Religious Practices with Children
Most parents in the U.S. report engaging in a variety of
religious activities with their children. More than six-in-ten parents (63%) with children at home, for instance, say they pray or read Scripture with their children, while nearly as many (60%) send their children to religious education programs. Mormons and members of historically black and evangelical churches stand out as particularly likely to pursue these activities with their children, though many parents in other religious groups also engage in these activities. Two-thirds of Hindus, for instance, pray or read Scripture with their children, and roughly six-in-ten members of mainline churches (62%), Jews (56%) and Orthodox Christians (58%) send their children to religious education programs. Far fewer parents (15%) choose either to send their children to religious schools instead of public schools or to home school them. Interestingly, though, this practice is most common among Jews (27%) and Orthodox Christians (30%), two groups that do not tend to stand out for high levels of religious involvement on many other measures.
Sharing Faith With Others
About one-in-three affiliated adults (36%) say they share their faith with others at least once a month. Nearly half (47%) say they seldom or never share their faith or views on God with people from other religious backgrounds, and an additional 14% say this is something they do only once or twice a year. Here again, however, certain groups stand out for the emphasis they place on sharing their faith. More than eight-in-ten Jehovah’s Witnesses (84%) share their faith with others every month, as do 55% of members of historically black churches, 52% of members of evangelical churches and 47% of Mormons. This practice is less common among most other religious traditions.
Religion, Moral Values and Modern Society
More than three-quarters of American adults (78%) believe there are absolute standards of right and wrong, with a majority (52%) saying they rely primarily on practical experience and common sense for guidance regarding right and wrong. Far fewer say they rely mainly on their religious beliefs (29%), and fewer still say they rely on philosophy and reason (9%) or scientific information (5%). Only among Jehovah’s Witnesses (73%), Mormons (58%) and members of evangelical churches (52%) do majorities say they rely primarily on their religion for guidance about right and wrong.
Religion and Society
A solid majority of Americans (62%) reject the idea that religion causes
more problems in society than it solves. This figure includes majorities of most Christian traditions and more than two-thirds of Muslims (68%). In contrast, nearly half of Jews (49%) and more than half of Buddhists (56%), Hindus (57%) and the unaffiliated (59%) say religion causes more problems than it solves. Indeed, more than three-quarters of atheists (77%) believe religion causes more problems than it solves, with nearly half (49%) of atheists completely agreeing with this statement.

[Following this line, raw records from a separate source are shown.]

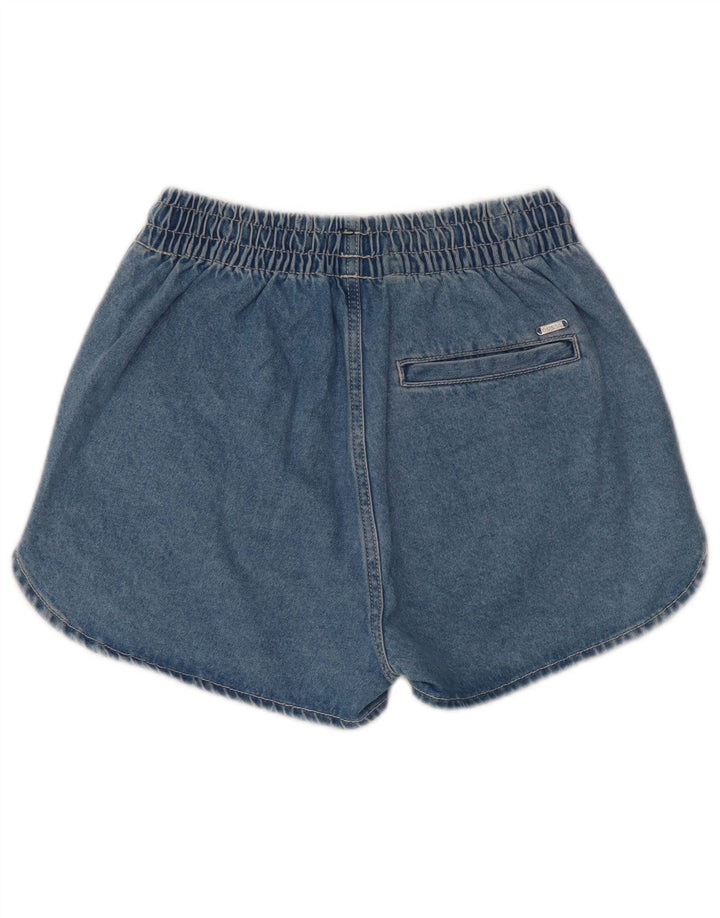 Guess Pantaloncini di jeans con grafica da donna W26 Small Blu Colourblock Poliestere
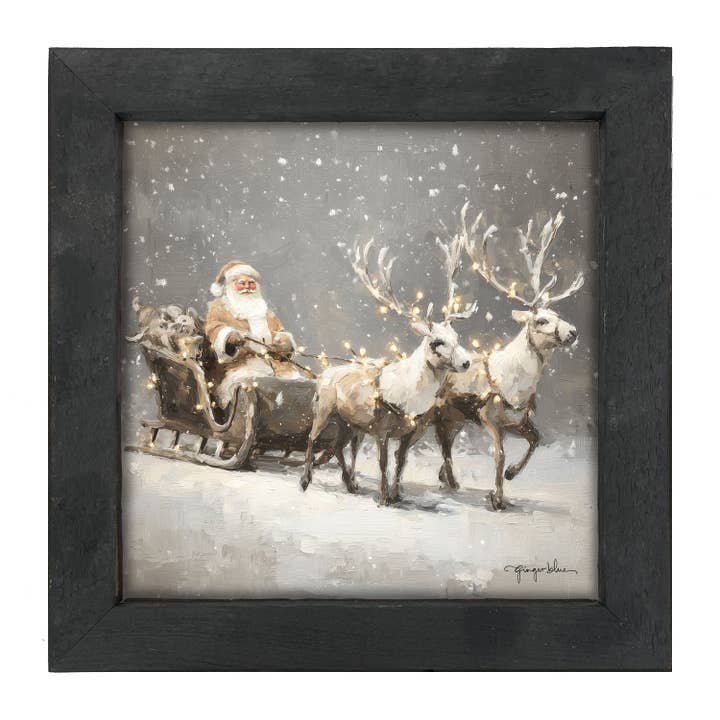 ginger blue - Wholesale Christmas Wall Art - Christmas Lights on Sleigh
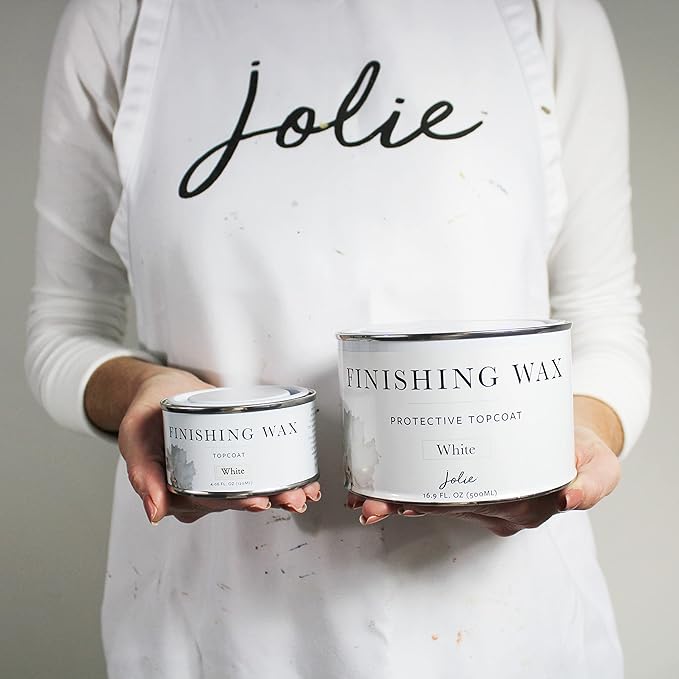 Jolie Finishing Wax - Protective topcoat Paint - Use on interior furniture, cabinets, walls, home decor and accessories - Odor-Free, Non-Hazardous - White - 500ml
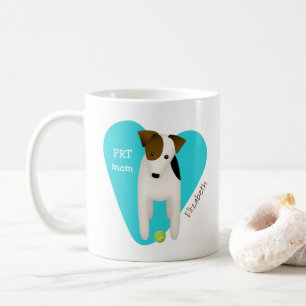 Parson Russell Hund mit Ball PRT Mama türkis Herz Kaffeetasse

Although a majority of Americans (54%) who have a particular religious affiliation say they do not see a conflict between being a devout person and living in a modern society, a substantial minority across nearly all religious traditions believe that such a tension exists. This view is particularly prevalent among Jehovah’s Witnesses (59% say there is a conflict between being devout and living in a modern society) as well as members of evangelical and historically black Protestant churches, among whom 49% and 46%, respectively, share this view. Overall, those who attend religious services at least once a week (44%) or who say religion is very important in their lives (44%) are more likely to say there is a conflict than those who attend worship services less often (35%) or who say religion is less important in their lives (31%). Interestingly, a substantial number of adults who are not affiliated with a religion also sense that there is a conflict between religion and modern society – except for them the conflict involves being non-religious in a society where most people are religious. For instance, more than four-inten atheists and agnostics (44% and 41%, respectively) believe that such a tension exists.
Religion and Popular Culture
Many Americans also see a conflict between their values and
popular culture, as is evident in people’s views of Hollywood and the entertainment industry. Although a majority of adults (56%) reject the idea that Hollywood poses a threat to their values, a significant minority (42%) perceives such a threat. Among adults who are affiliated with a particular religious tradition, nearly half (45%) say Hollywood threatens their values. Concern with the values of the entertainment industry is particularly high among Mormons (67%), Jehovah’s Witnesses (54%) and members of evangelical Protestant churches (53%). The level of concern tends to be strongest among the most religiously active adults, as measured by such factors as frequency of prayer and attendance at worship services.
A majority of Americans (59%) are very satisfied with their personal lives. Those who are affiliated with a religious tradition are somewhat more satisfied with their lives than those who are not (60% to 54%). And people who attend worship services at least once a week report higher levels of satisfaction with their personal lives (65%) compared with those who attend religious services less often (55%). Despite their overall feelings of satisfaction with their personal lives, and even higher levels of satisfaction with their family lives, only about a quarter of U.S. adults (27%) say they are satisfied with the way things are going in the country (as of the summer of 2007 when the survey was conducted). Members of historically black churches (17%) and Jehovah’s Witnesses (10%) are among the least satisfied with the overall direction of the country.
The Landscape Survey also finds that about one-quarter of the public (27%) is satisfied with the way the political system is working. No more than a third of any religious group expresses overall satisfaction with the way the political system is working, with the exception of Mormons (36% of whom are very or somewhat satisfied).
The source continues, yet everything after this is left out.